Omid Alishenas werd oorspronkelijk in mei 2015 door afdeling 28 van het Revolutionaire Hof in Teheran tot tien jaar gevangenis veroordeeld nadat het hof hem schuldig had bevonden aan “samenzwering om misdaden tegen de nationale veiligheid te plegen” en “belediging van de Geestelijk Leider”. Het vonnis bevatte onder meer de volgende vreedzame activiteiten als “bewijs” van criminele activiteiten: deelname aan een solidariteitsbetuiging met de mensen in de Syrische stad Kobane voor het kantoor van de Verenigde Naties in Teheran, het verspreiden van folders tegen de doodstraf, publicaties op Facebook, waarbij de massa-executie van politieke gevangenen in de jaren 1980 als onmenselijk werd omschreven, ontmoetingen met “problematische individuen” (verwijzend naar mensenrechtenactivisten) en het bezoek aan de gedenktekens voor de slachtoffers van de rellen van 2009, die in het vonnis “rebellen” werden genoemd. Daarnaast was er sprake van een film die Omid Alishenas onderschreven heeft en waarin de aandacht wordt gevestigd op het feit dat op het feit dat leerlingen van de religieuze Bahá’í minderheid het recht op hoger onderwijs wordt ontzegd. In september 2016 verminderde afdeling 36 van het Hof van Beroep van Teheran de opgelegde straf van Omid Alishenas tot zeven jaar.

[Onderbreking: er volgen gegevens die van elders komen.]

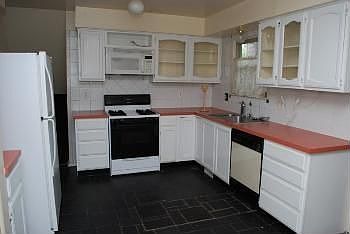 4th image of 2836 Foster Ave
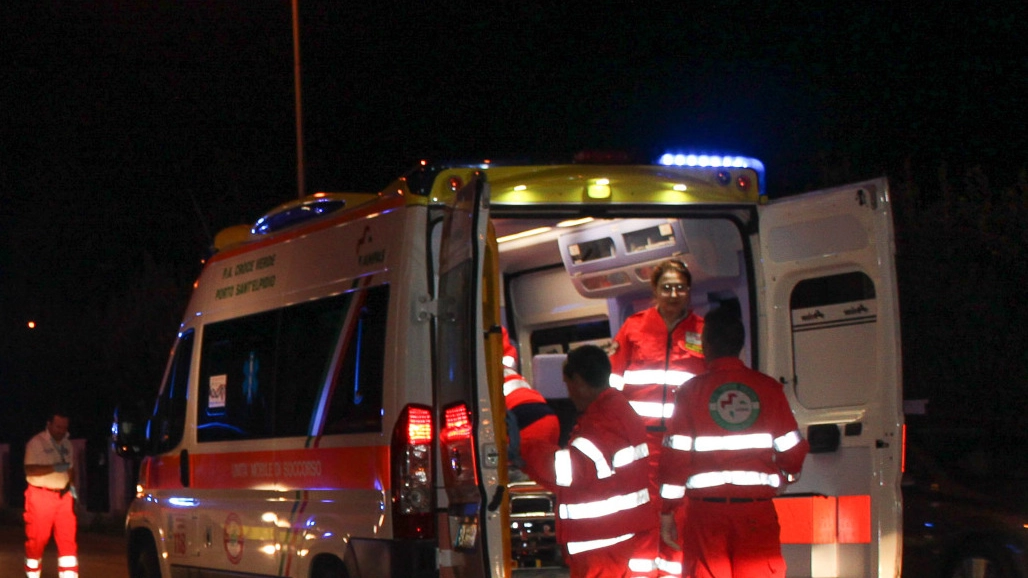 I soccorsi dell'ambulanza (Foto Zeppilli)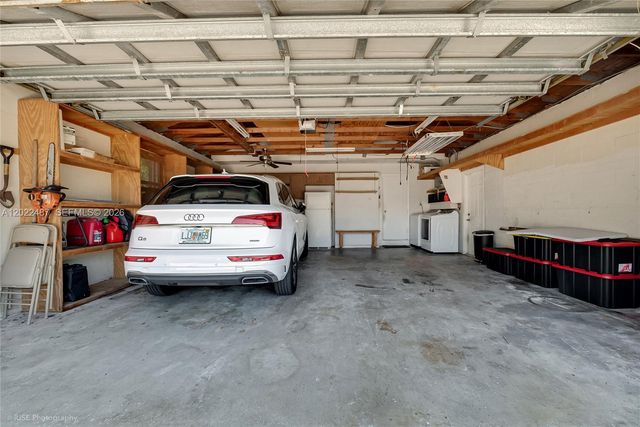 15700 SW 87th Ave, Palmetto Bay, FL 33157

Simin Eyvazzadeh, de moeder van Omid Alishenas, protesteert in Teheran samen met mensenrechtenactivisten voor de vrijlating van haar zoon en andere politieke gevangenen.

Het proces van Omid Alishenas in maart 2015 was onmiskenbaar oneerlijk: hij mocht zijn advocaat slechts ongeveer een half uur zien voor het begin van zijn proces. Dit is een grove schending van zijn recht op voldoende tijdsruimte en adequate voorzieningen om zijn verdediging voor te bereiden is. Zijn proces duurde slechts ongeveer 45 minuten en viel samen met de behandeling van drie andere activisten, waarbij het de verdachten niet was toegestaan ​​om gelijktijdig in de rechtszaal aanwezig te zijn om de tegen hen gezamenlijk naar voren gebrachte beschuldigingen te horen.